The Navy’s first indigenous aircraft carrier INS Vikrant has completed its fourth phase of sea trial and is set for commissioning in August. It’s a big achievement for India, as it joins an elite club of five or six nations which can manufacture such a warship

It was a big day for the Indian Navy. On Sunday, the aircraft carrier Vikrant successfully completed its fourth and final phase of sea trials and is likely to be commissioned next month.

In a tweet, the Navy said it conducted sea trials of major equipment and systems, including key aviation components. “Indigenous aircraft carrier Vikrant successfully completed 4th phase of sea trials integrated trials of major equipment and systems, including key aviation equipment undertaken with further enhancement in performance, towards delivery of the largest indigenous warship in Azadi Ka Amrit Mahotsav,” it tweeted along with two photos.

The INS Vikrant is an aircraft carrier – the largest and most complex warship India has ever built. What is this vessel and why its induction is historic for India?

What Is The Aircraft Carrier INS Vikrant?

The INS Vikrant – the 44,000-ton indigenous aircraft carrier (IAC) – is the first to be designed and constructed in India. It is currently codenamed IAC-1 and will be called INS Vikrant once it enters service in the Indian Navy.

An aircraft carrier is an airfield at sea – a warship with a long, flat deck for fighter jets to take off and land. Often it is the flagship that leads a battle group and is escorted by destroyers, frigates, and submarines to shield it from any attack.

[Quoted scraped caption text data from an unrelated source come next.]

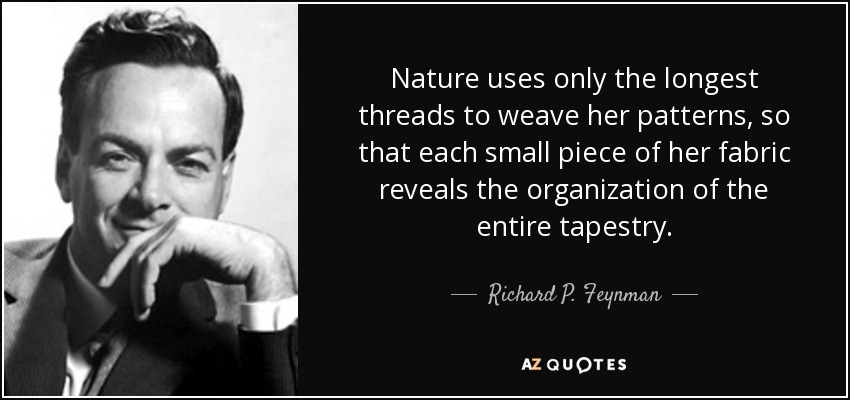 Nature uses only the longest threads to weave her patterns, so that each small piece of her fabric reveals the organization of the entire tapestry. - Richard P. Feynman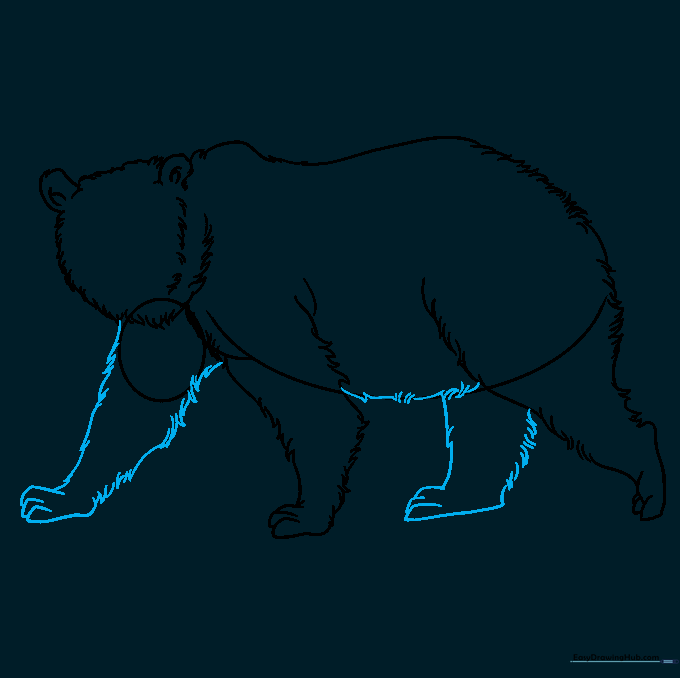 The bear drawing with guide lines erased and additional legs and belly fur added.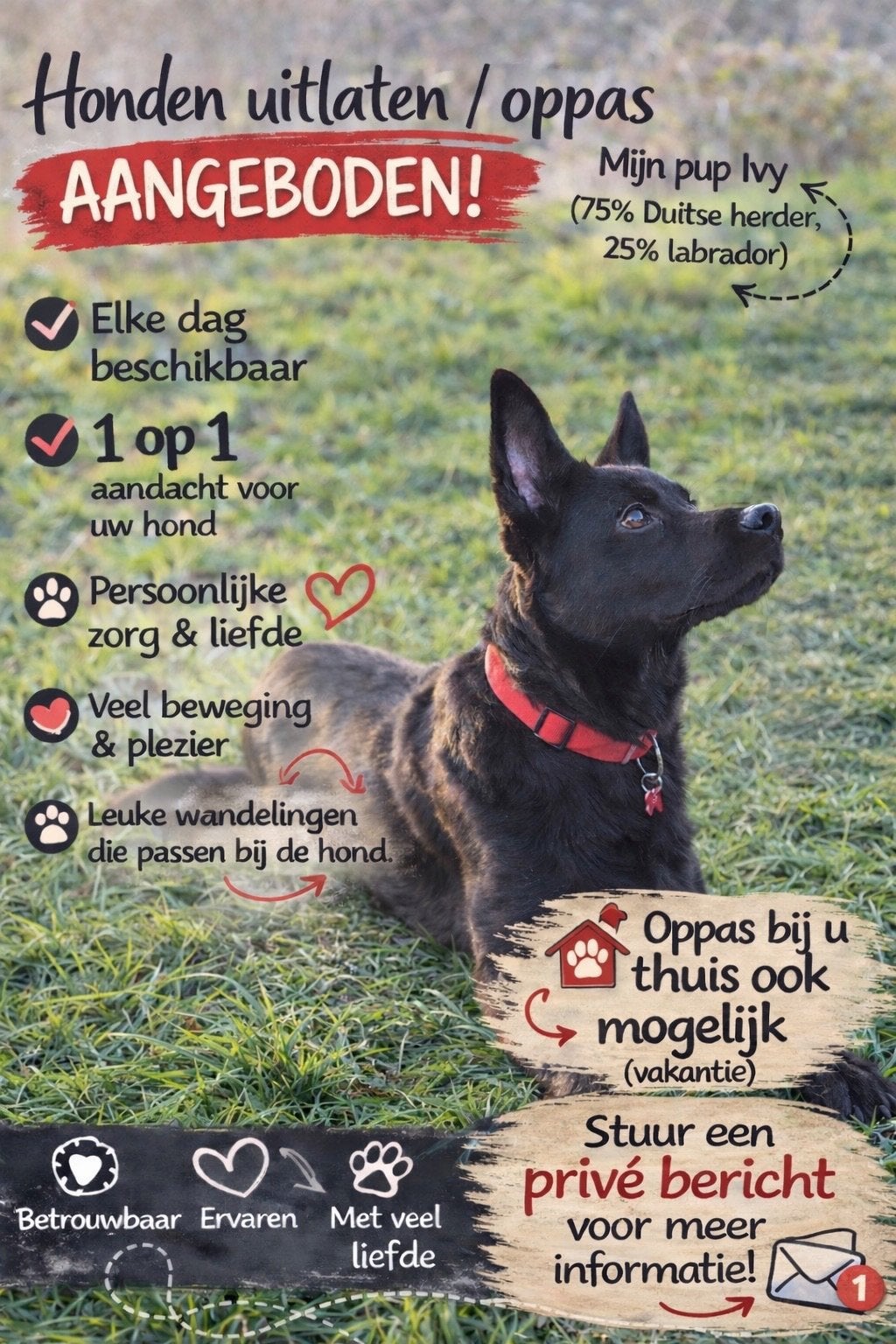 Honden uitlaten aangeboden, Ophalen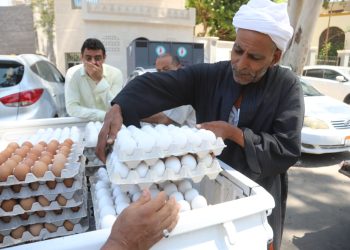 نكبة جديدة للمواطنين سعر كرتونة البيض اليوم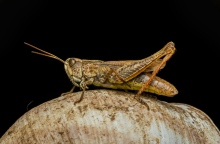 Η Ιταλία δίνει το πράσινο φως για αλεύρι από ακρίδες 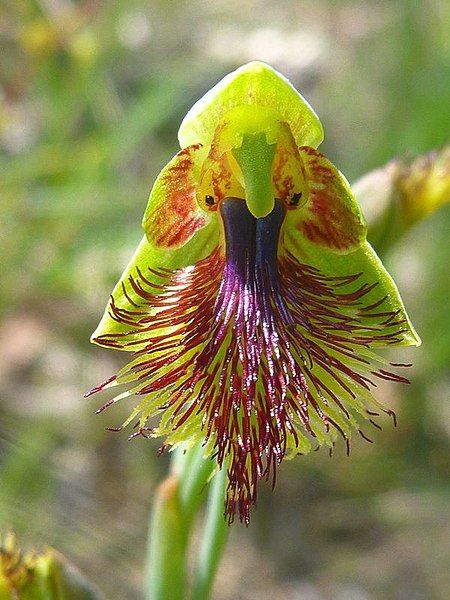 File:Calochilus campestris.jpg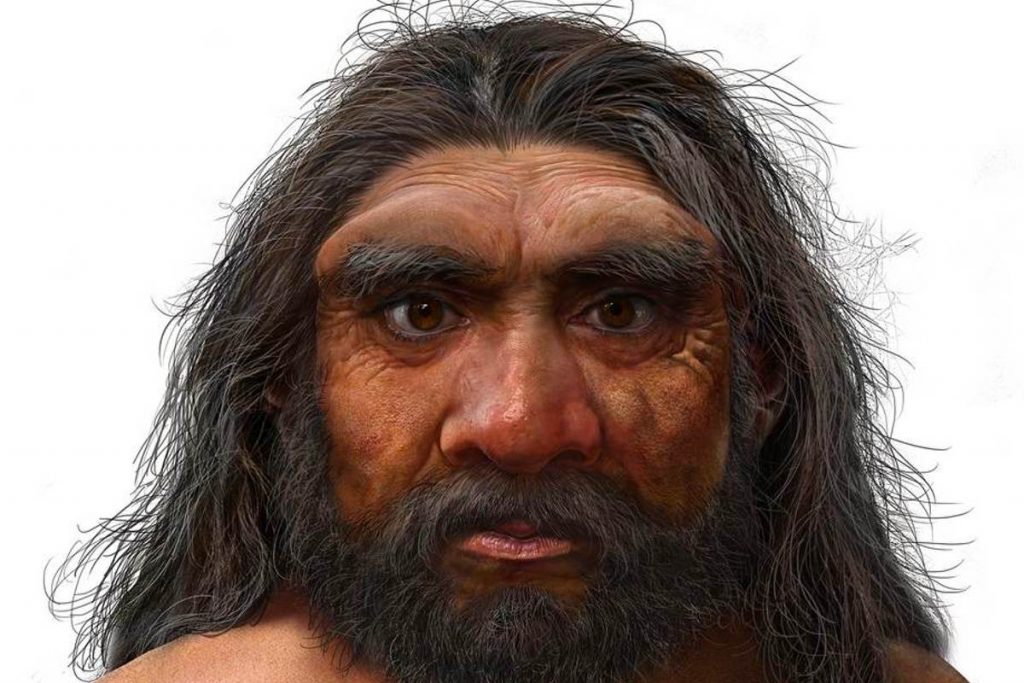 Discover new hominins that seem to be more closely related to us than Neanderthals
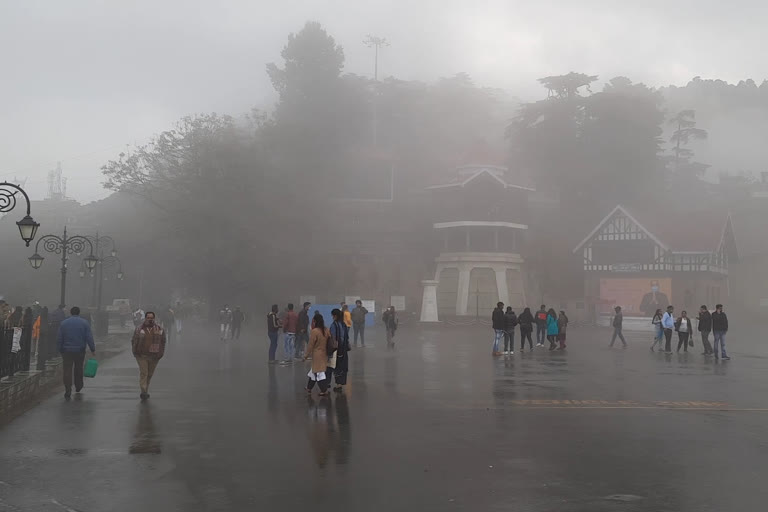 shimla weather update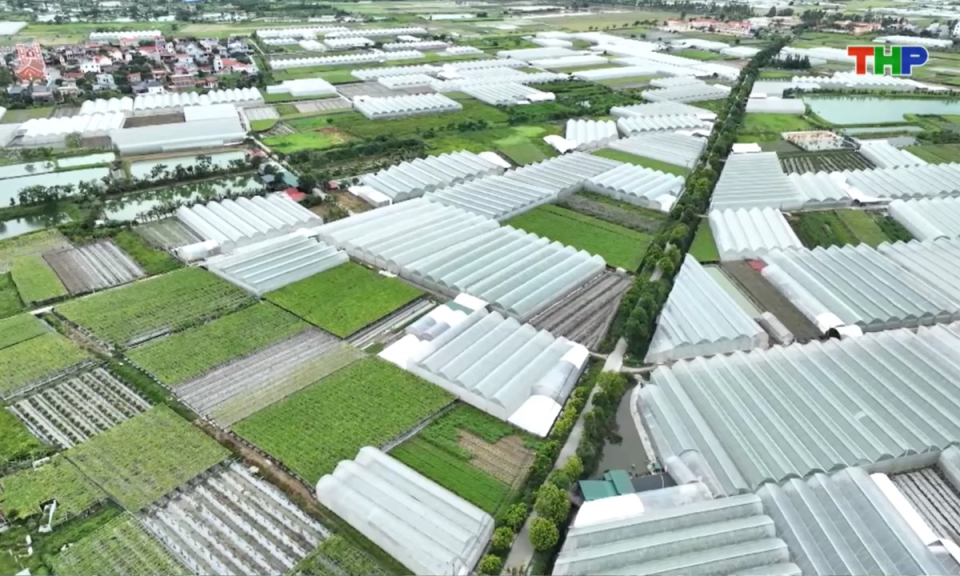 Bản tin thời sự trưa (31/10/2025)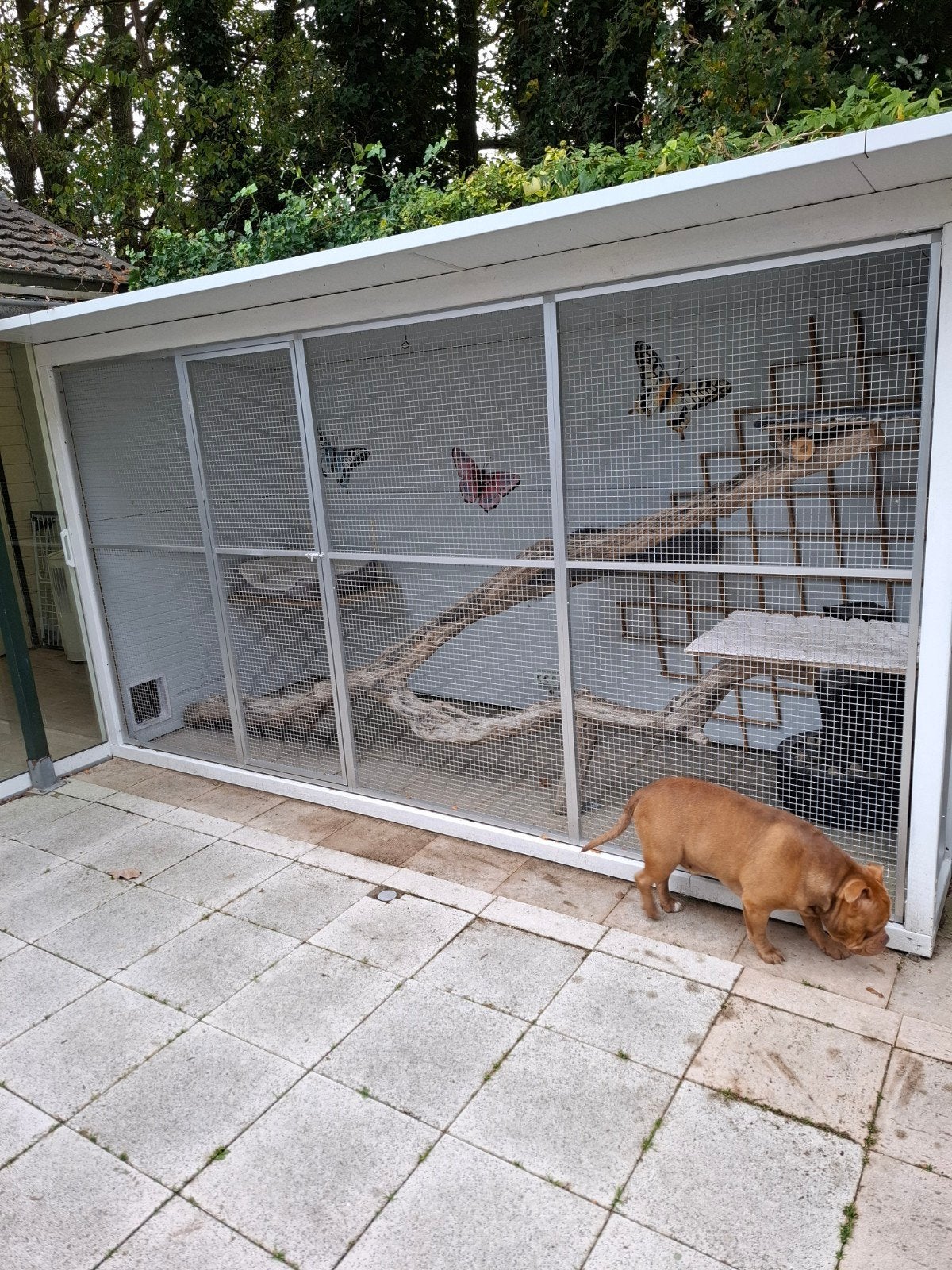 katten ren of vogel volière, Ophalen, Aluminium, Volière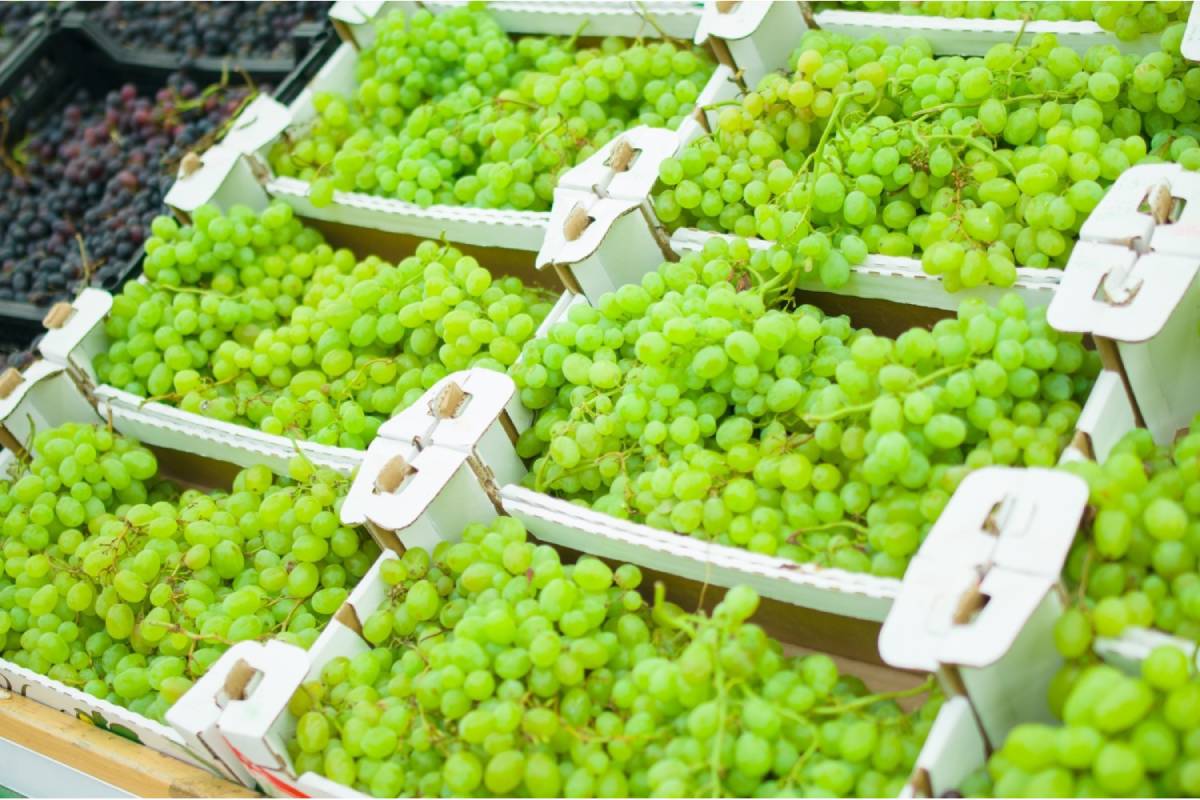 South African table grape exports surpass 67.8 million cartons, up four percent year-over-year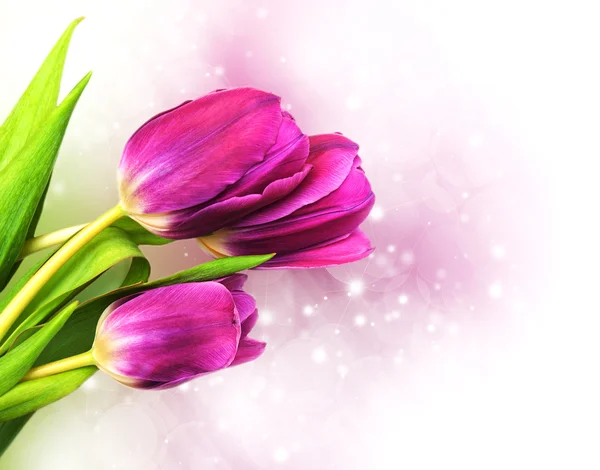 Purple colored tulip flowers — Stock Photo, Image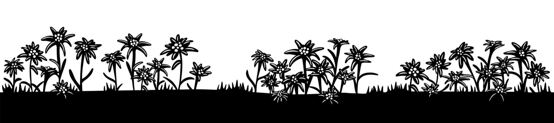 Silhouette Edelweiss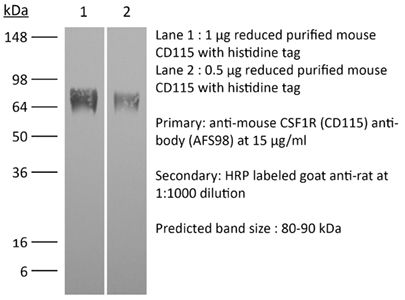 InVivoMAb抗小鼠CSF1R（CD115）抗體,InVivoMab anti-mouse CSF1R (CD115)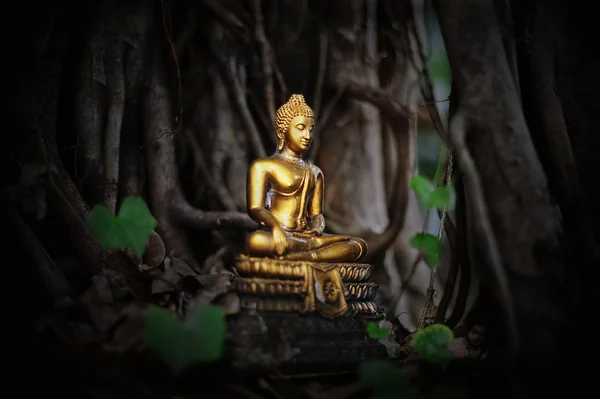 Banyan buddha — Stockfoto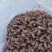 蝉蜕大量野生蝉蜕大量有货280一斤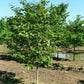 CERCIS CANADENSIS `LUSCIOUS LAVENDER`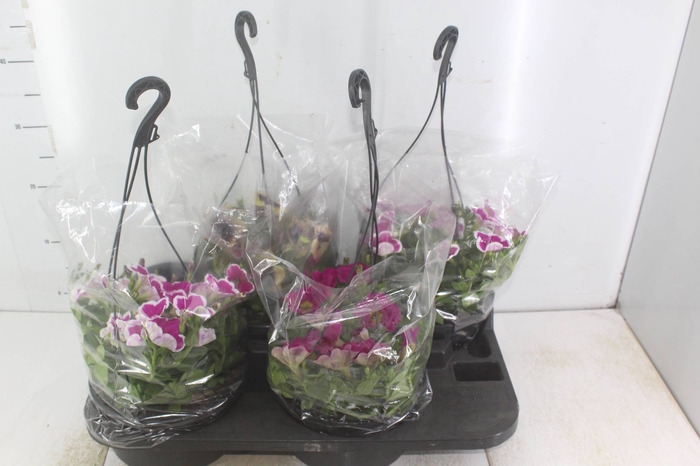 <h4>PETUNIA C21</h4>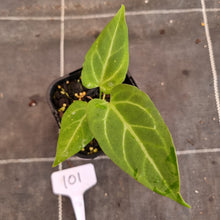 Load image into Gallery viewer, #101 Anthurium Magnificum Hybrid x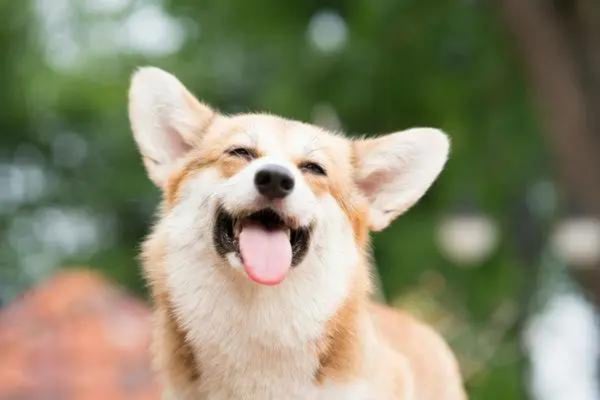 しつけ で愛犬を叩いたことのある飼い主さんは42人 殴る蹴るが虐待だと思ってない人も1割超 飼い主350人アンケート 株式会社plan Bのプレスリリース しつけ で愛犬を叩いたことのある飼い主さんは42人 殴る蹴るが虐待だと思ってない人も1割超 飼い主350人アンケート 株式会社plan Bのプレスリリース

After its induction, the warship will be a key component of the Indian Navy’s push to establish itself as a “blue water” force, one with the ability to project its power on distant seas. It is especially important amid India’s bid to be a net security provider in the Indian Ocean region where it faces China, whose navy, is focused on aircraft carriers and has already inducted two vessels.

The Vikrant stretches 262 metres in length, exceeding that of two football fields and is 62 metre wide. Around 20 aircraft can be parked in the hangar.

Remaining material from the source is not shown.